Trying to understand bash function return values

Question

I have looked at the bash function return values and it seems I still don't understand how that works. I setup 3 function each supposedly returning a RET_VAL return value. I assume func_1 returns either a 1 or 0 based on the if statement I assume func_2 return either a 1 or a 0 based on the if statement I assume func_3 should either print a 1 or a 0 based on the return value of func_2

func_1() {
  RET_VAL=0
  if [ -d /tmp/dir ]; then
    echo "Dir exists" 
    RET_VAL=0
  else
    echo "Dir doesn't exist"
    RET_VAL=1
  fi
  return ${RET_VAL}
}

func_2() {
  RET_VAL=0
  if func_1; then
    if [ -f /tmp/file_1]; then
      echo "File exists"
    else
      echo "File doesn't exist"
      RET_VAL=1
    fi
  else
    RET_VAL=1
  fi
  return ${RET_VAL}
}

func_3() {
  if func_2; then
    echo "Dir and File do exist"
  else
    echo "Dir and file do not exist"
  fi
}

Are my assumptions correct or is each function returning what it executed last, like the echo statement?
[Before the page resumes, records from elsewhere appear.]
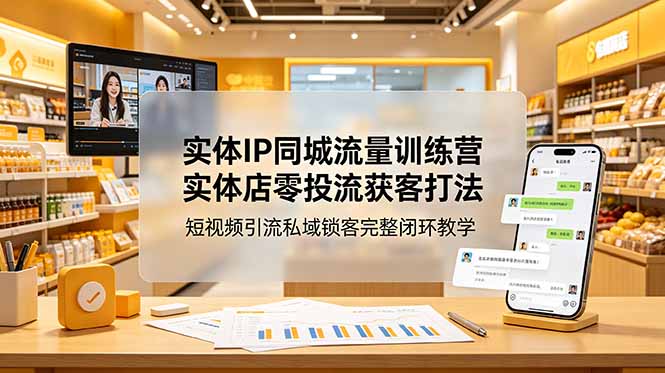 实体IP同城流量训练营：实体店零投流获客打法，短视频引流私域锁客完整闭环教学-主题测试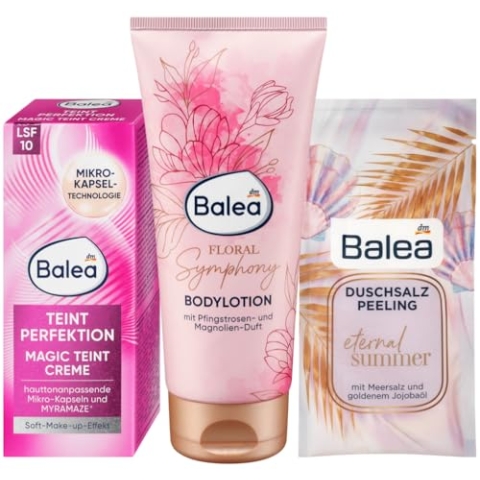 Balea 3er-Set Hautpflege: Teint Perfektion Magic Creme Soft-Make-up-Effekt LSF 10 (50 ml) + Bodylotion Floral Symphony Pfingstrose Magnolie (200 ml) + Duschsalzpeeling Eternal Summer (60 g), 250 ml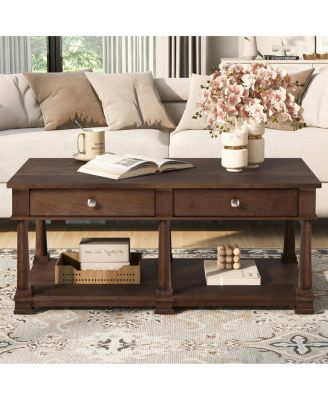 Farmhouse Wooden Coffee Table with 2 Drawers and Shelf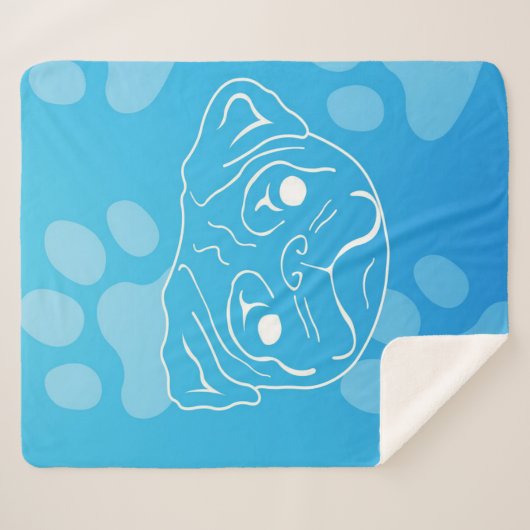 Illustratiebalk voor pug sherpa deken (Voorkant (horizontaal))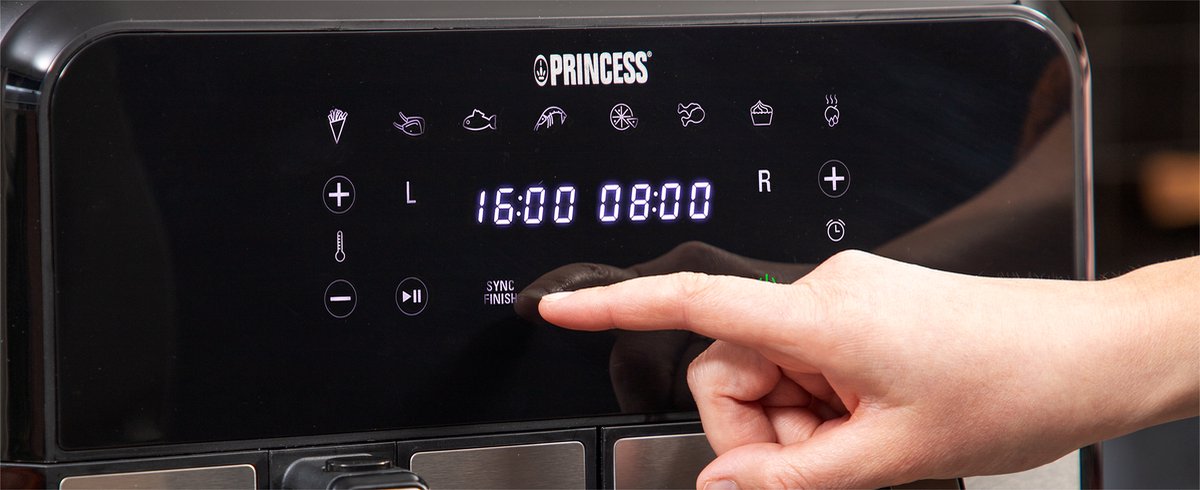 Afbeelding 3 van Princess Double Basket Airfryer 182074 - Dubbele Airfryer - 9 liter - 2 manden - XL - 8 programma's- 2400W - Dubbele heteluchtfriteuse - PFAS vrij - Touchscreen - RVS/Zwart - Sync functie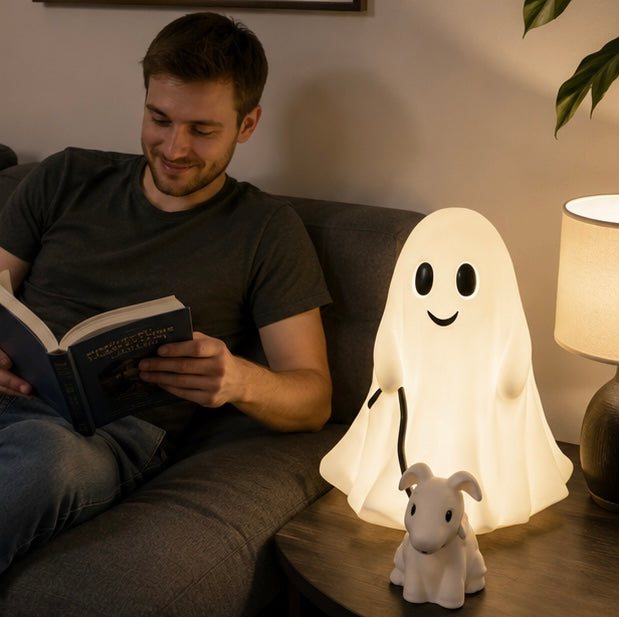 Spooky Dog Statue Halloween Decoration Walking Dog Figure White Resin Table Ornament for Home Décor | Sansoti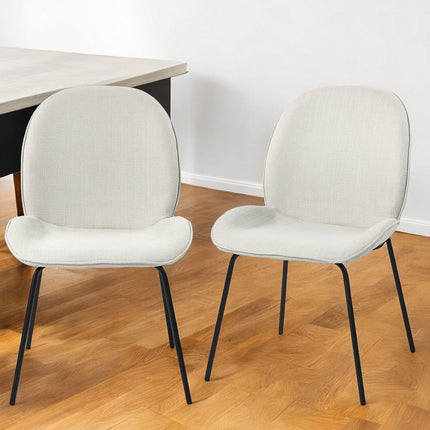 Set of Two White and Black Upholstered Fabric Dining Side Chairs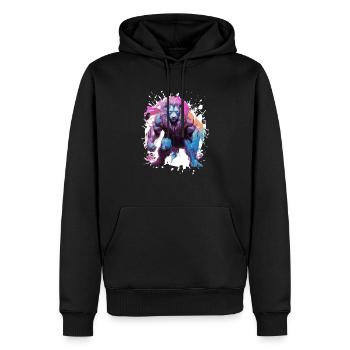 Löwe Muskeln - Männer Premium Bio Hoodie - Schwarz - Vorne - Nico (187cm)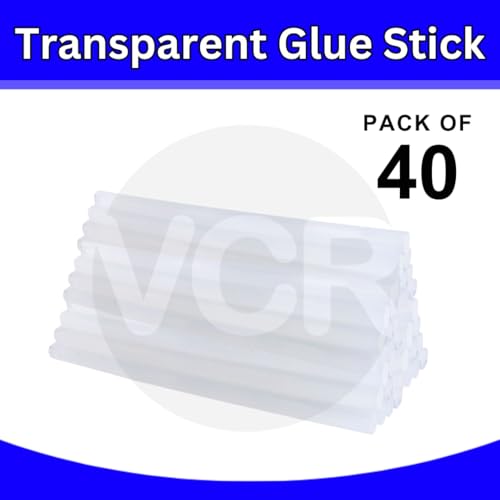 VCR 07mm Glue Sticks for Glue Gun - 07mm x 165mm in Length - Hot Melt Transparent Glue Stick - Pack of 40 - Bonding Adhesive Glue Sticks for DIY - Arts Crafts - Schools and Industries - Image 2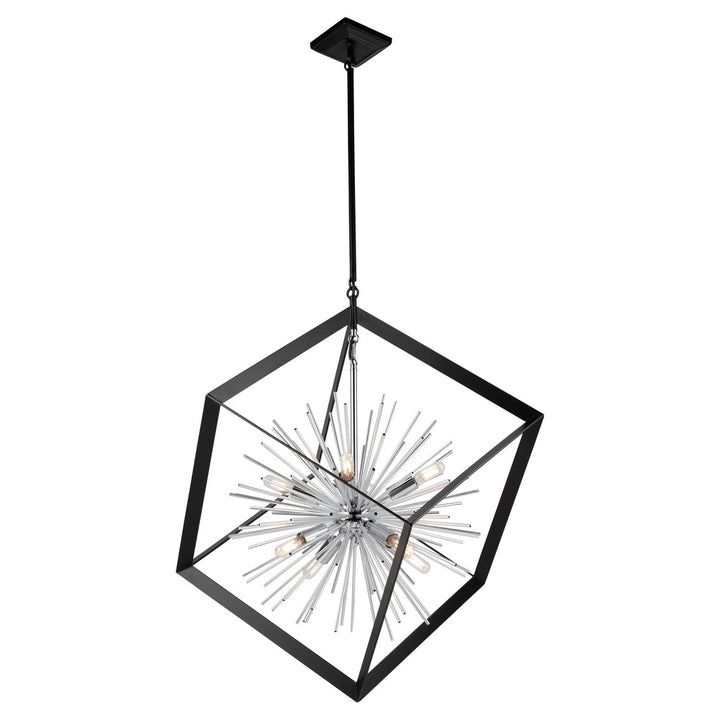 Sunburst  8 Light Chandelier (Matte Black & Chrome)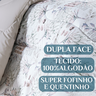 Edredom Super King Selin 100%algodao Dupla Face Super Macio:cinza - 2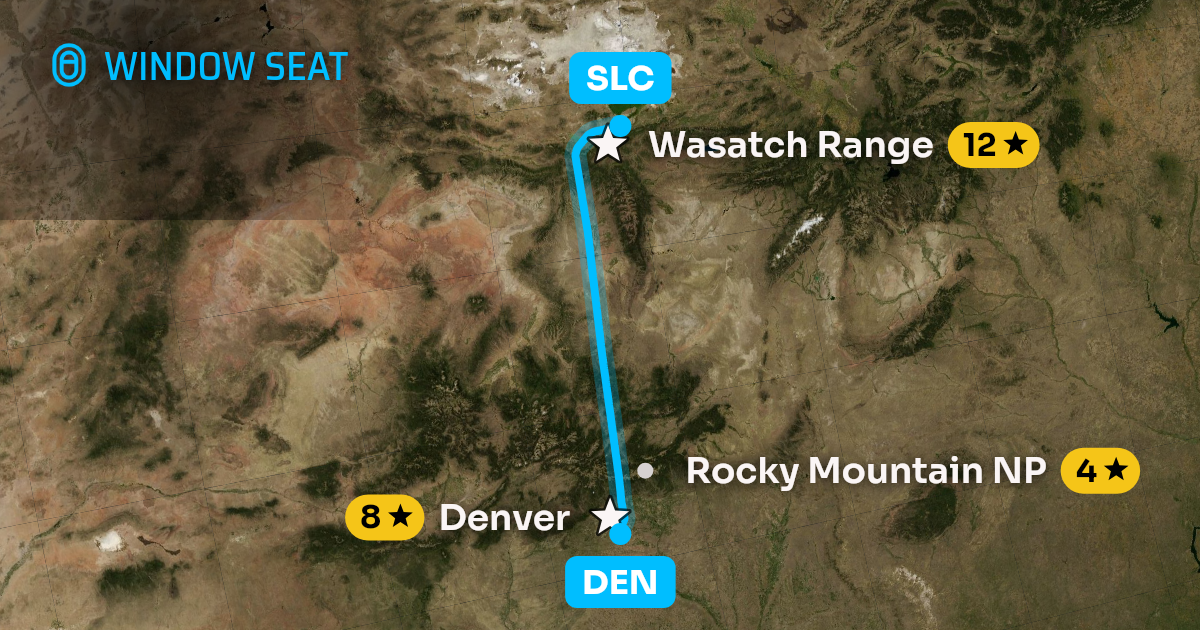 Map of the Denver to Salt Lake City flight path with its landmarks on each side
If so, how could I assure that the functions return a 1 or a 0 value?

Cheers, Roland

Answer 1

func_3 will not print the return value of func_2. The if statement will use the exit status of func_2 to determine which branch to take. Every command has an exit status, so in the absence of an explicit return command, the exit status of the last command to execute will be the exit status of a function. In the case of func_3, the exit status will be the exit status of whichever echo command executes (which is virtually always 0, absent any I/O errors).